Work instruction — Reproduce exactly the lines from the one that holds "MERCEDES CLASSE A" through the last line of the entries, both ends included, but not the pictures.

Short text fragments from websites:

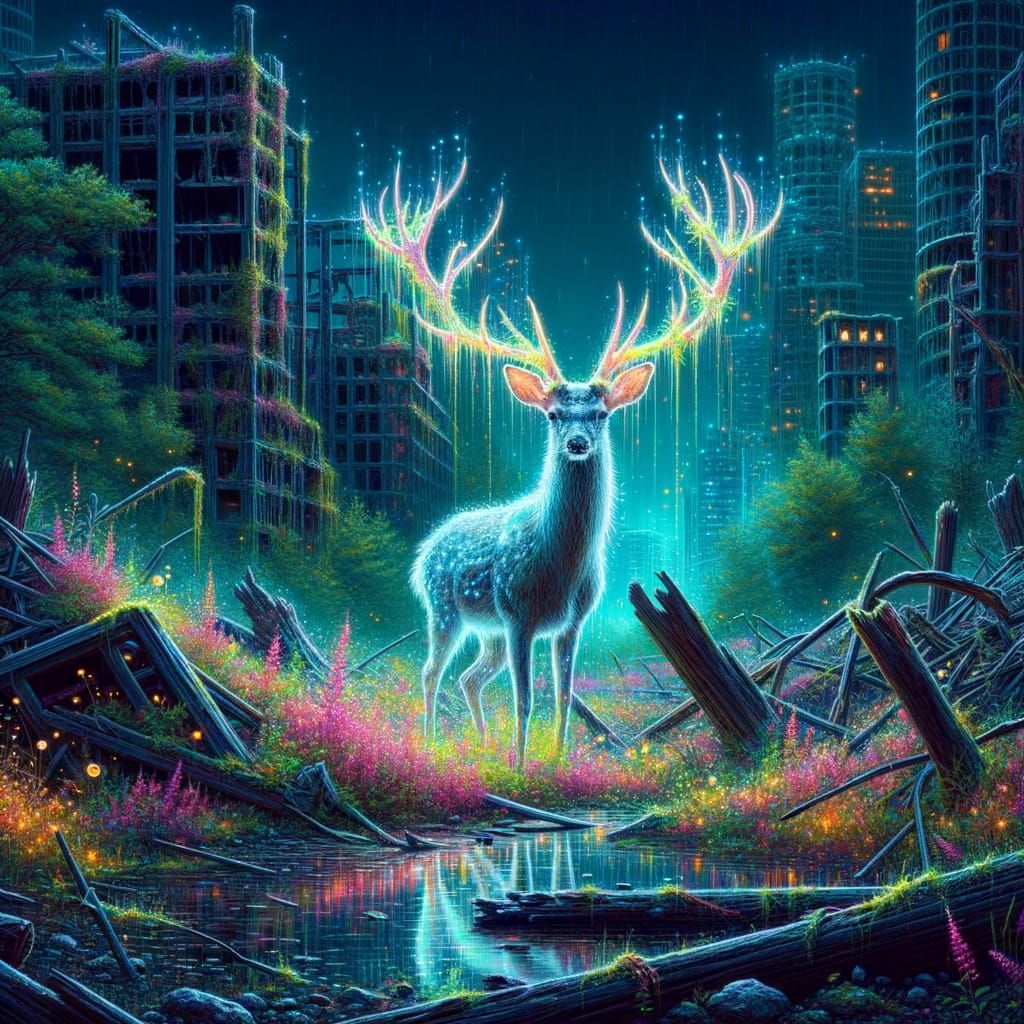 The Reclaiming  by @Kitty Blacksmith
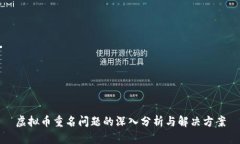 虚拟币重名问题的深入分析与解决方案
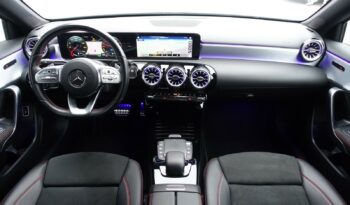 MERCEDES CLASSE A 250 E 218 CH HYBRIDE RECHARGEABLE 8G-DCT  AMG-LINE complet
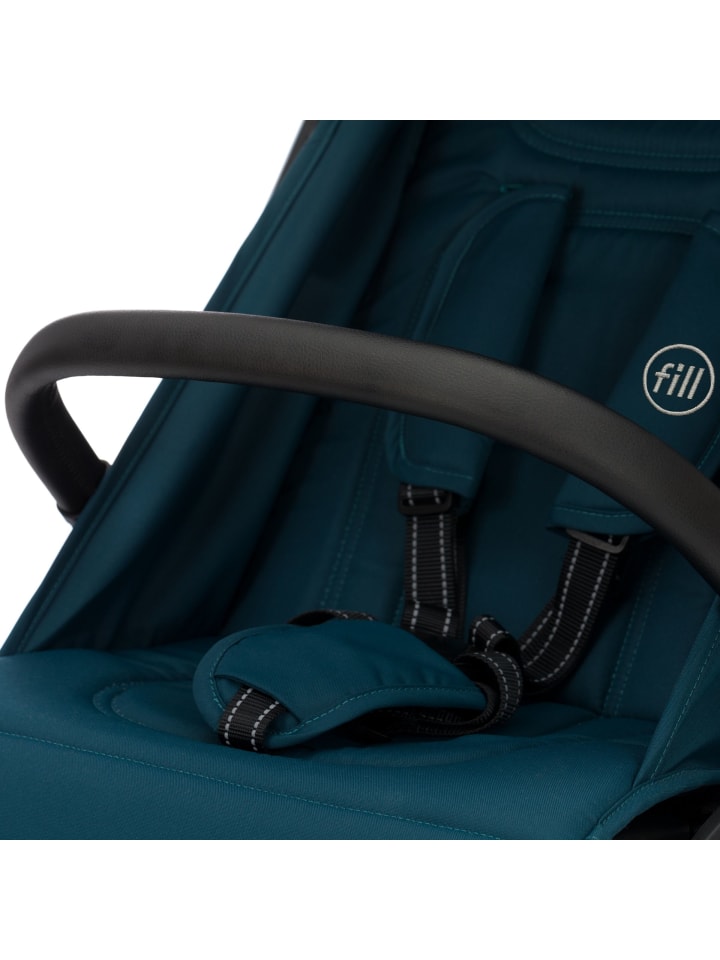 fillikid Sportwagen Buggy Cooper Exklusiv in Türkis günstig kaufen onesize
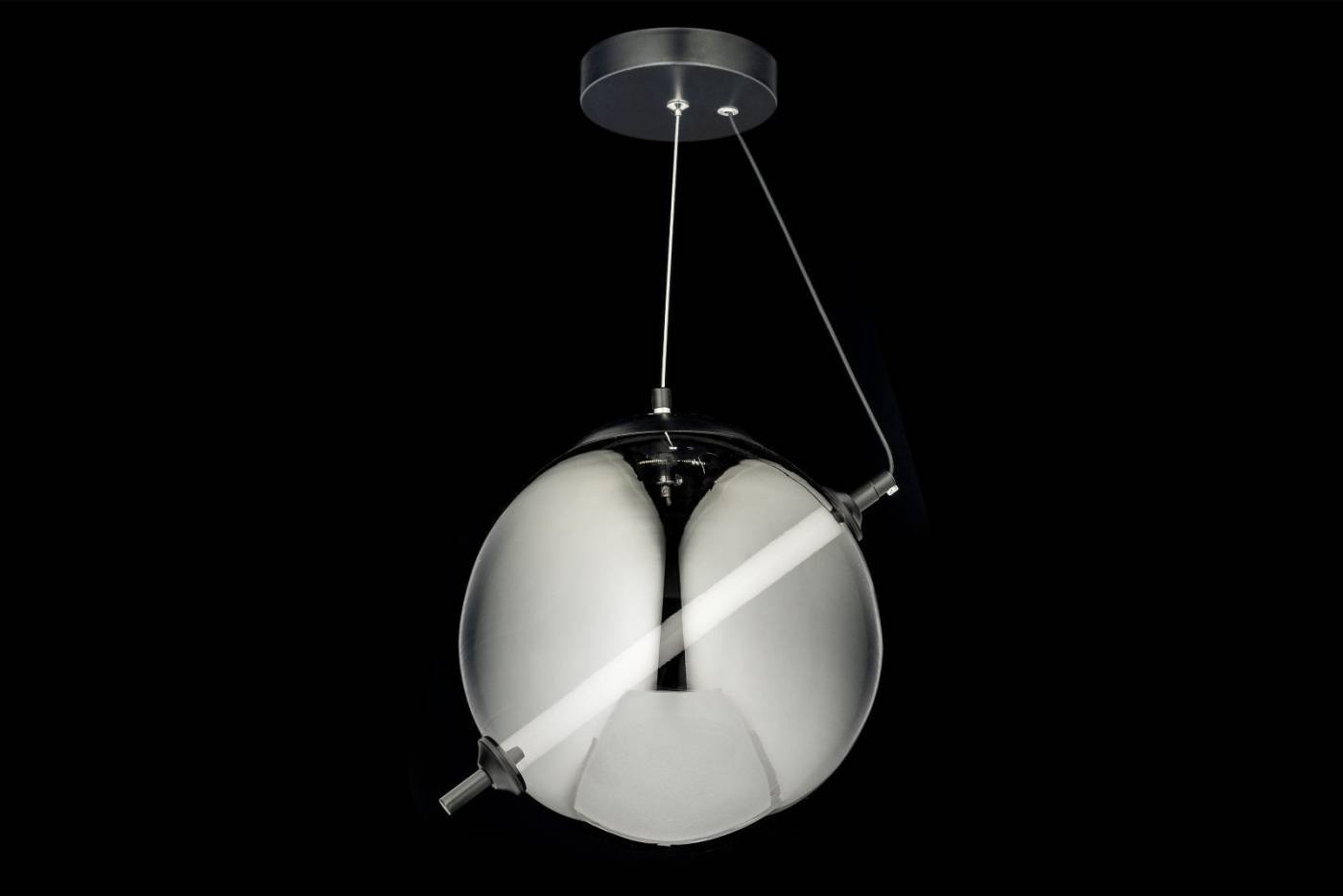 Светильник подвесной Arti Lampadari Canzo Canzo L 1.P8 CL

Exercise answer —
 MERCEDES CLASSE A 250 E 218 CH HYBRIDE RECHARGEABLE 8G-DCT  AMG-LINE complet
 fillikid Sportwagen Buggy Cooper Exklusiv in Türkis günstig kaufen onesize
 Светильник подвесной Arti Lampadari Canzo Canzo L 1.P8 CL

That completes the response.